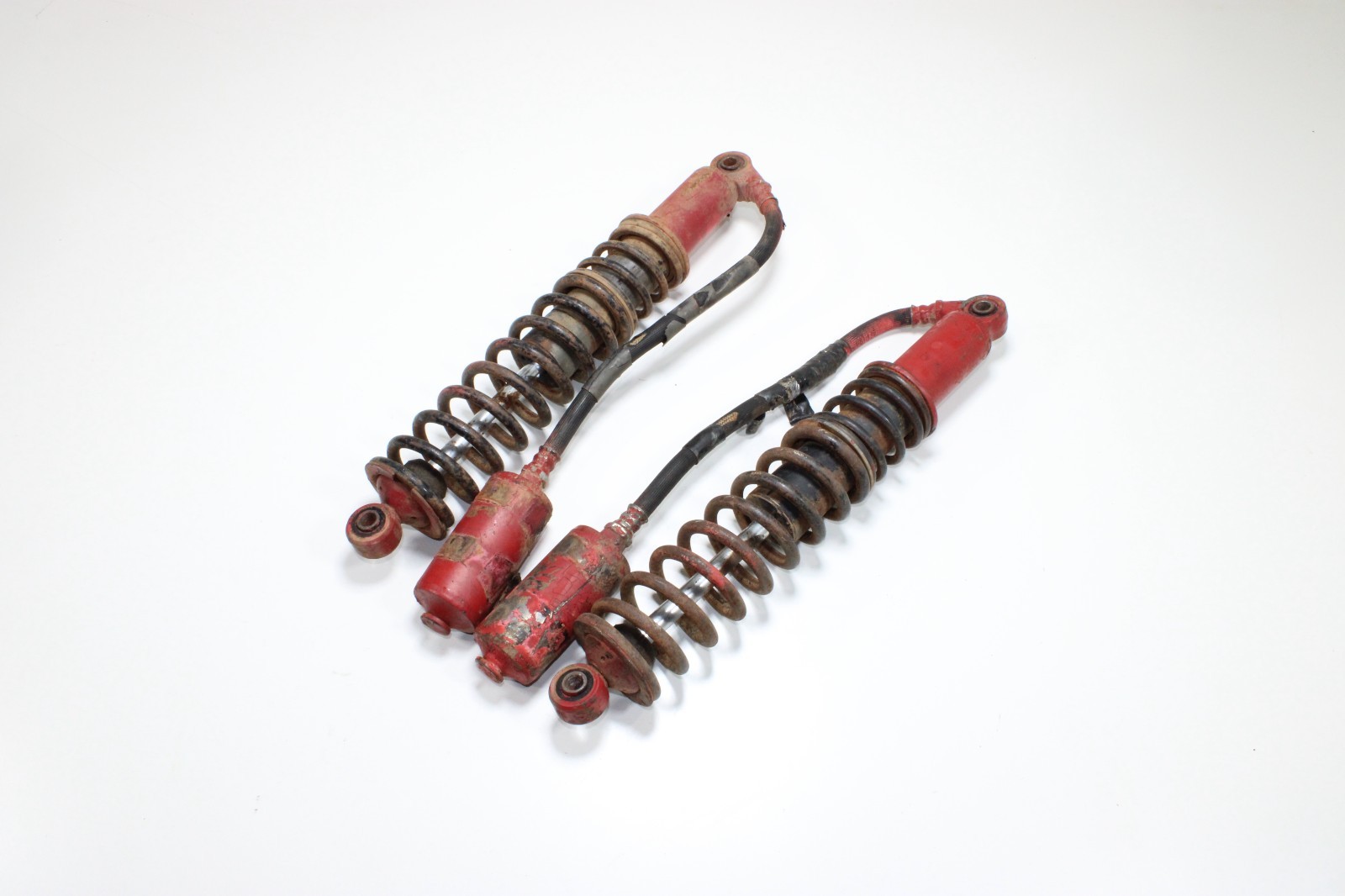 Suzuki 1976 1977 RM KYB MX RM 250 RM 370 SHOCK ABSORBER SPRING REAR SHOCKS D43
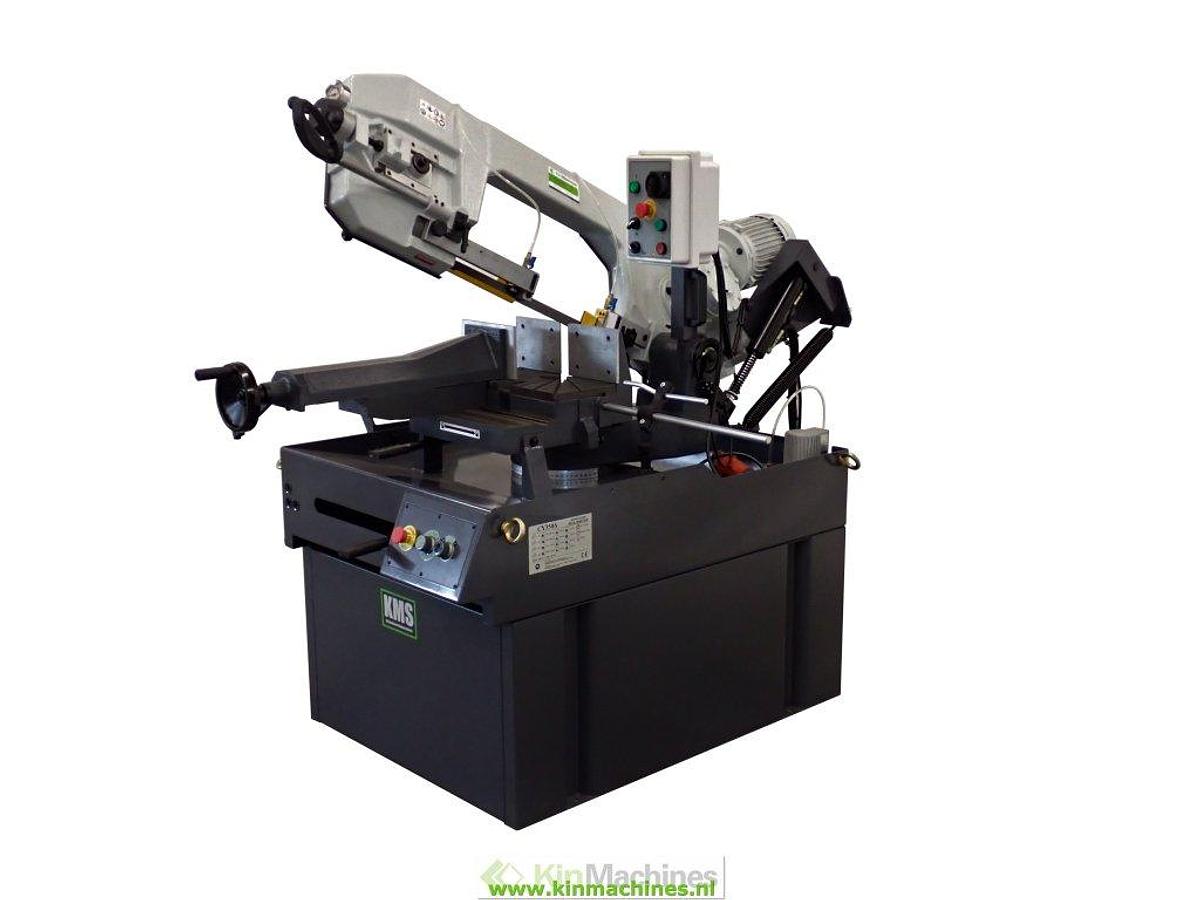 Band saw machine KMS CY-350A, double mitre, 2 cutting speeds, Capacity Ø 270 mm
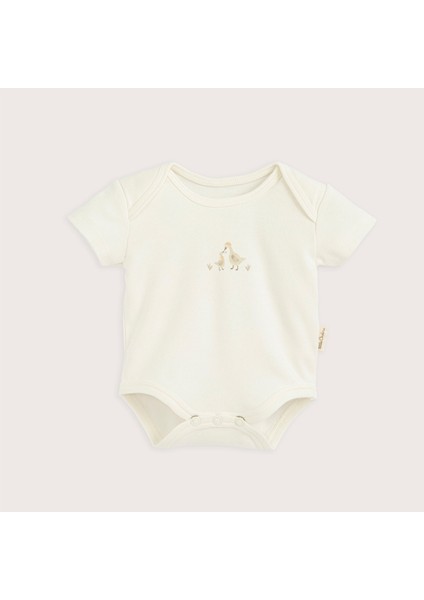 Goose Yenidoğan Body Ekru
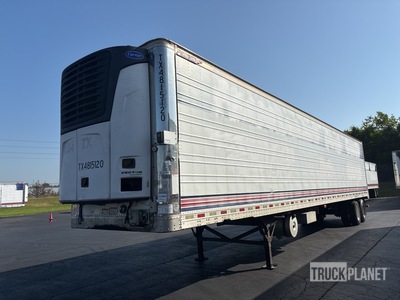 2015 Great Dane ECM-1104-11348 48 ft x 102 in T/A Rimorchio frigorifero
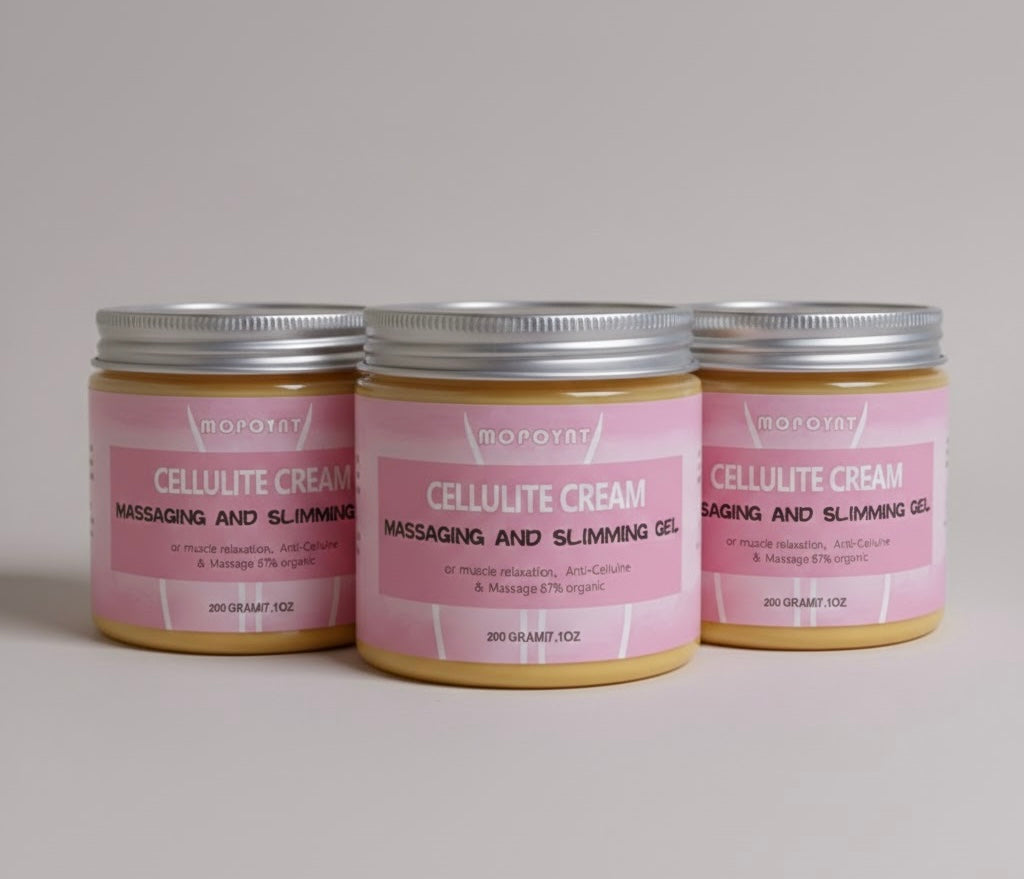 Mopoyat Cellulite Cream™️ - The Ultimate Care for Your Skin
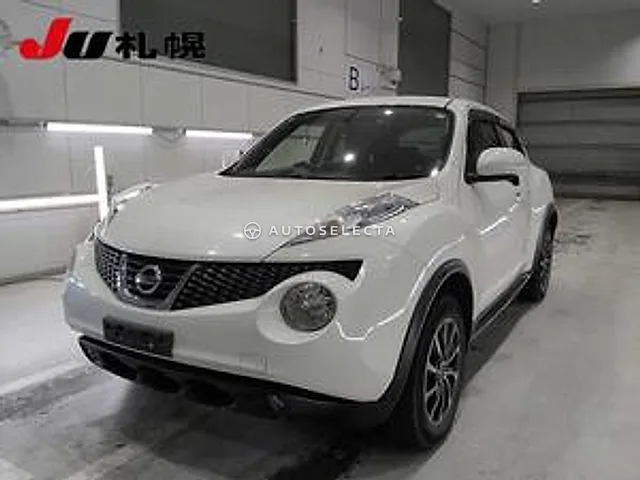 Nissan Juke 2012, auction grade R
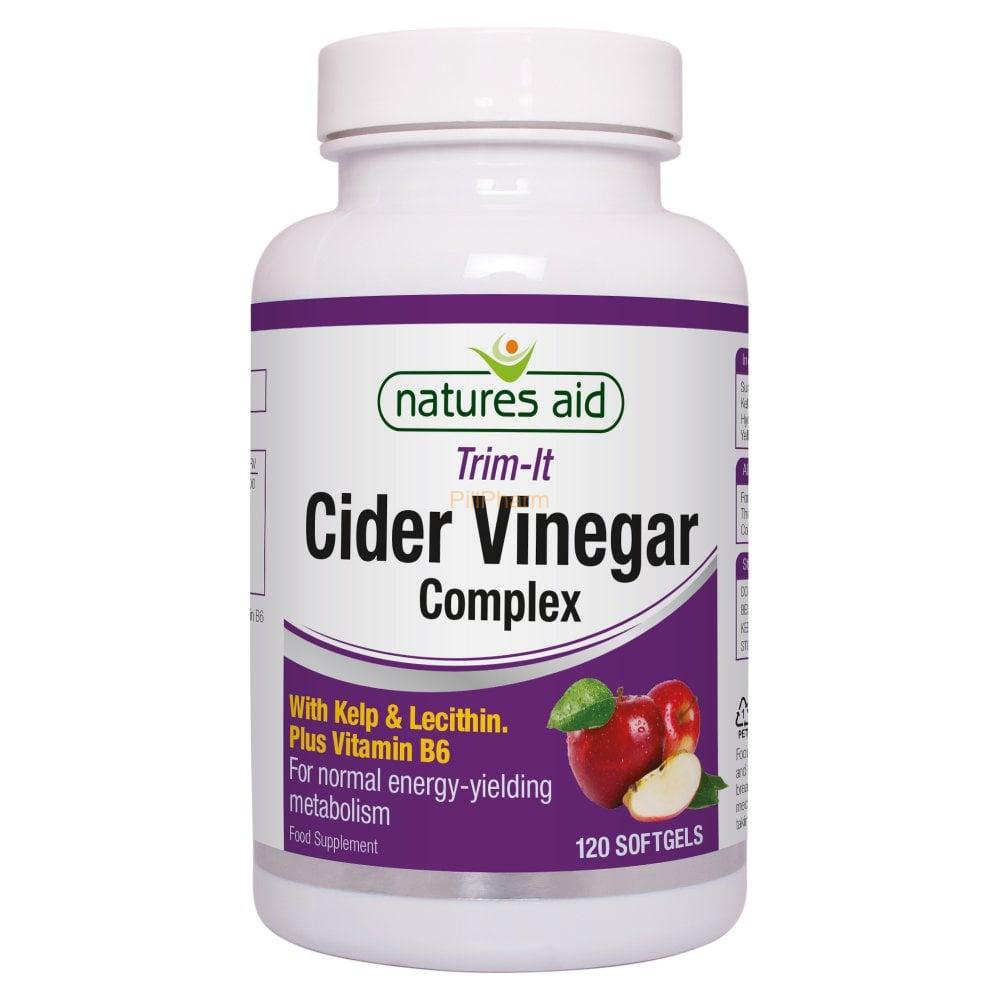 natures-aid-trim-it-cider-vinegar-complex.jpg Natures Aid Trim-It Cider Vinegar Complex - Image 1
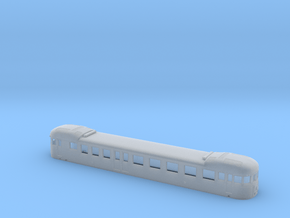 Decauville Autorail - DXW Nm 1:160 in Clear Ultra Fine Detail Plastic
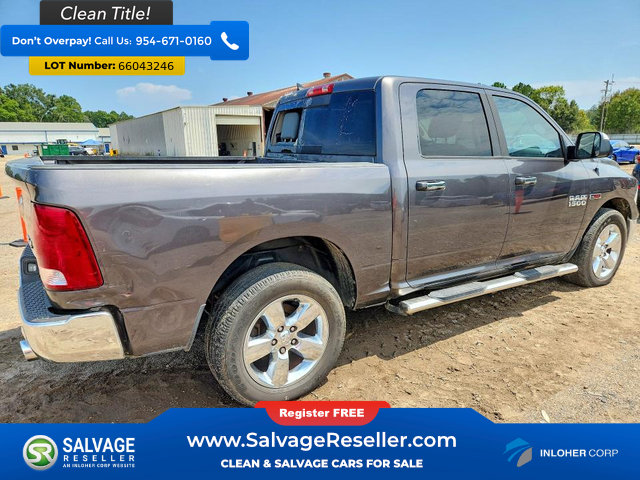 Used 2015 RAM 1500 Big Horn AWD/4WD image 4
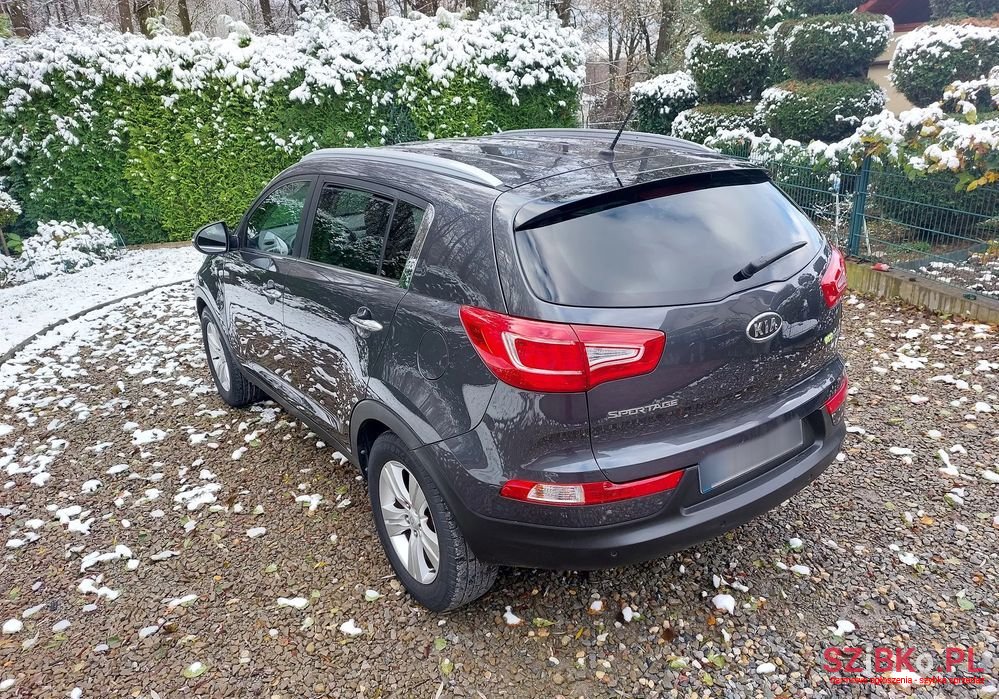 2011' Kia Sportage photo #4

====================

*WORK TO BE COMPLETED*. The lines from the one that contains "natures-aid-trim-it-cider-vinegar-complex.jpg Natures Aid" through the end of the data, repeated exactly and with no pictures, make up the whole answer.

*YOUR RESPONSE*.
 natures-aid-trim-it-cider-vinegar-complex.jpg Natures Aid Trim-It Cider Vinegar Complex - Image 1
 Decauville Autorail - DXW Nm 1:160 in Clear Ultra Fine Detail Plastic
 Used 2015 RAM 1500 Big Horn AWD/4WD image 4
 2011' Kia Sportage photo #4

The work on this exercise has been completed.